The assembly had some sound achievements under its belt. Councils talked and worked together. The voting rights were determined by proportional representation and the counties were not allowed to bully the districts or unitaries. A genuine regional view was taken not least on European funding and on major highways priorities. A regional spatial strategy was developed. The development agency was held (on occasion) to account.
It is not clear when the rot set in. The transfer of structure planning powers upwards from counties to the regional assembly suggested that devolution was not necessarily on the agenda. The North East referendum confirmed it.
Meanwhile the first past the post system was delivering more and more Conservative controlled councils anxious to throw their weight around. Once the Government made it clear that it preferred to reform local government in favour of counties rather than districts, the county councils could remove their masks and seize the agenda: the new leaders’ forum which sort of replaces the regional assembly is little more than an annexe of Central Office.
So where do we stand now? Is this a failed experiment that we should not revisit? Would it ever have worked as a vehicle for devolution? Or do we say that local government is fully competent to take powers from Whitehall, including most infrastructure planning, education policy and the NHS?
In many ways that is now our position – even though some of the units of local government are clearly too small to take on such a wide sweep of powers. That said, Essex – for instance – has a larger population than a number of EU member states.

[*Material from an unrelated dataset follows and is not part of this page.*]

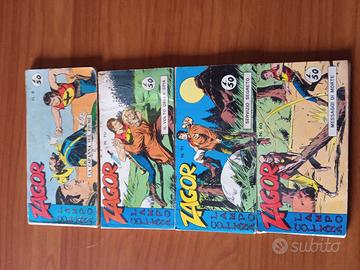 Lotto strisce di Zagor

But we’ll need to do something about the voting system for county and city councils if the new powers are going to be exercised with any political credibility.
2 Comments
English regional assemblies were never an answer to the challenges caused by devolution, because they were never going to get anything like the same powers as Scotland and Northern Ireland. So long as there are secretaries of state in Westminster that are responsible for health, education, policing, etc., but effectively only for England, there is a devolution problem, and having regional assemblies doesn’t solve this unless they get full (law-making) powers over these areas (and I don’t think anybody has seriously suggested that).
The only logical answer to devolution is to create an English Parliament, with powers similar to those of Scotland and Northern Ireland. If it was placed in Birmingham or Manchester, it could also help to balance out the country.
(I live in Scotland, so I’m saying this from the perspective of making devolution work.)
I agree with the principle of what Thomas says but not the answer. My recollection is that this party has always supported federalism and that is a good way to go, although there is a clear argument in my mind for smaller units than ‘England’.
I have long supported the principle of regions: the problem with them has been that they were devised in the 1980s by the Tories when the EC (as it was then) told them they had to in order to receive European funds. The Tories’ response was to petulantly design unworkable regions.
The answer therefore is simply to redesign the regions and to give them powers equivalent to the Welsh Assembly, with an English national body to bring them together once in a while to have a good argument.
I live in the ‘south east’ – or rather I don’t. I live in Oxfordshire but apparently I have loads in common with Dover and Margate. For my area a ‘south central’ region from Milton Keynes down to Southampton would be logical and would work. No region is ideal and there will be detractors but the principle remains valid.